Material provided below:
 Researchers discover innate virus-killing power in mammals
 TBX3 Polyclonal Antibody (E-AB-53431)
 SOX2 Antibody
End of Material provided.
Material provided below:
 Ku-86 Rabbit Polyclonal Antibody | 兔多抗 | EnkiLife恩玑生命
End of Material provided.
Work item ▸ Return a word-for-word copy of the lines above from the one holding "TBX3 Polyclonal Antibody (E-AB-53431)" through the one holding "SOX2 Antibody", with both of them included and nothing besides.

Exercise output ▸
 TBX3 Polyclonal Antibody (E-AB-53431)
 SOX2 Antibody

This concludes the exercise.